A government agency insists it won’t abandon logging plans despite protests in Cherryville.
Road construction contractors backed off initiating work Thursday after they were met by about 55 people opposed to the project on Cherry Ridge.
“Flat-out no,” said Colin Johnston, B.C. Timber Sales woodlands supervisor, when asked if the agency may completely scrap logging because of the protesters who claim logging could cause landslides.
“It’s not in the interest of BCTS to do that.”
However, the prospect of further public demonstrations has BCTS reviewing its next steps.
“It will take us a few days to review the options and decide where to go. There are lots of options to consider,” said Johnston.
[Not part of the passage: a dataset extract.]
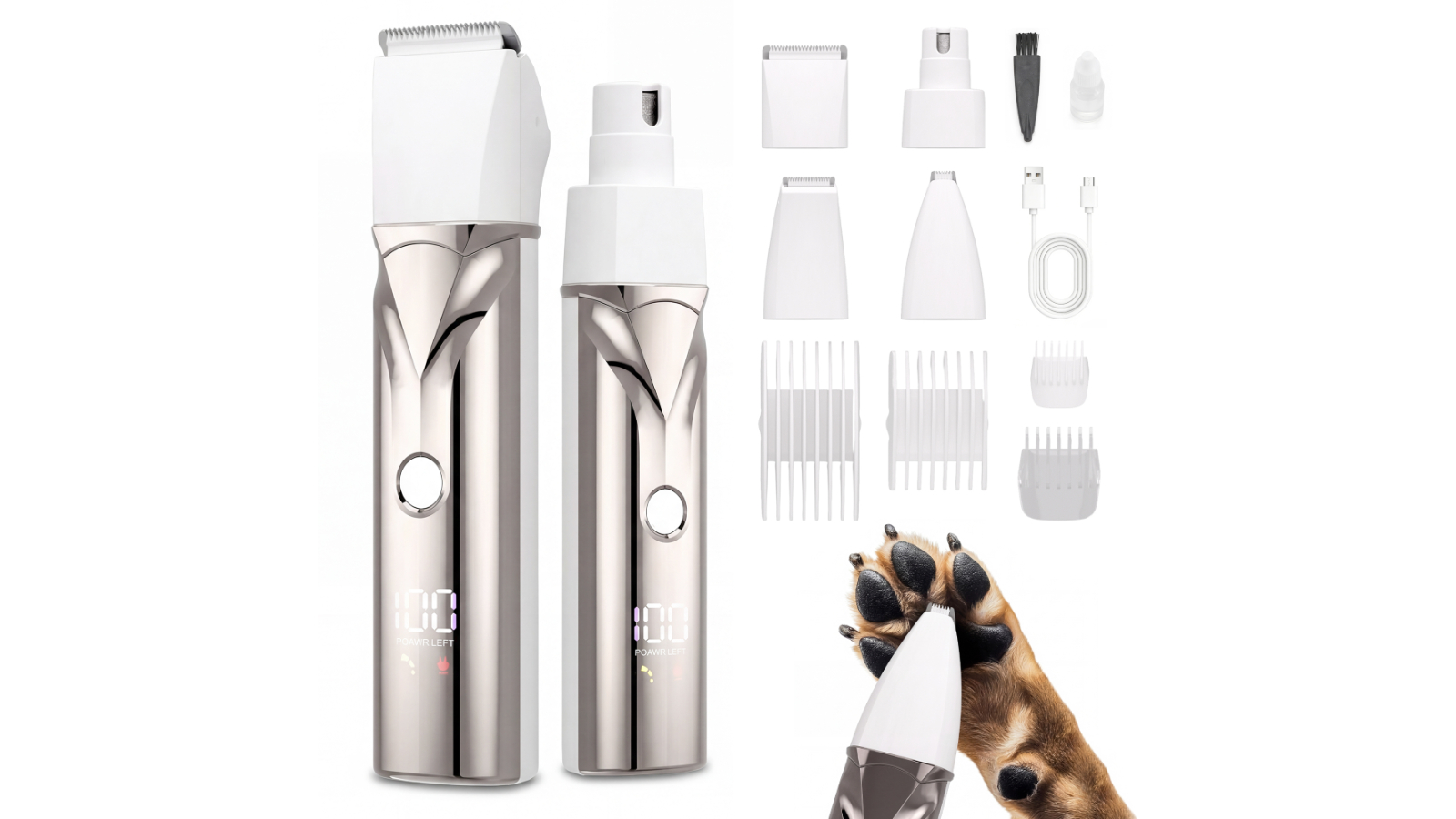 Advwin Nail Grinder Hair Trimmer Pet Clipper Kit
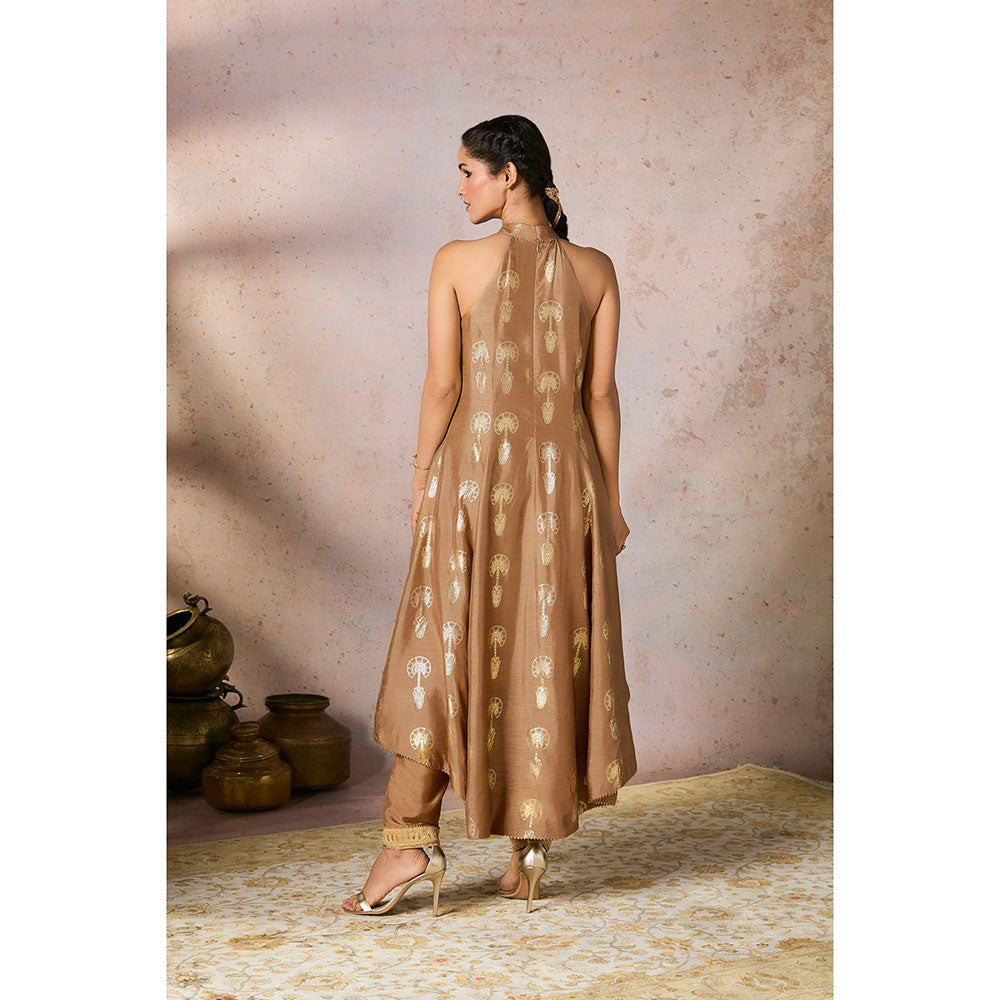 Masaba Beige Traveller's Palm Kurta with Pant (Set of 2)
One possibility is possibly sitting down with Cherryville residents to find some middle ground on the issue.
“If we can see a pathway that makes sense and meets both sides’ objectives, we’d be willing to go there. Communication is the best option,” said Johnston.
However, residents have accused BCTS of not consulting with them fully and proceeding with the road although the Regional District of North Okanagan is looking at proceeding with a risk assessment of the slope.
“We want to get a hold of (MLA) Eric Foster and if he’s heard from the forests minister yet. I hope they hold off on the road until we do the study,” said Eugene Foisy, RDNO director for Cherryville.
“There’s no point spending tax money on a study if they’re going ahead with it (road) any how.”
BCTS has stated that there has been dialogue with the community and Cherry Ridge has long been identified as a working forest.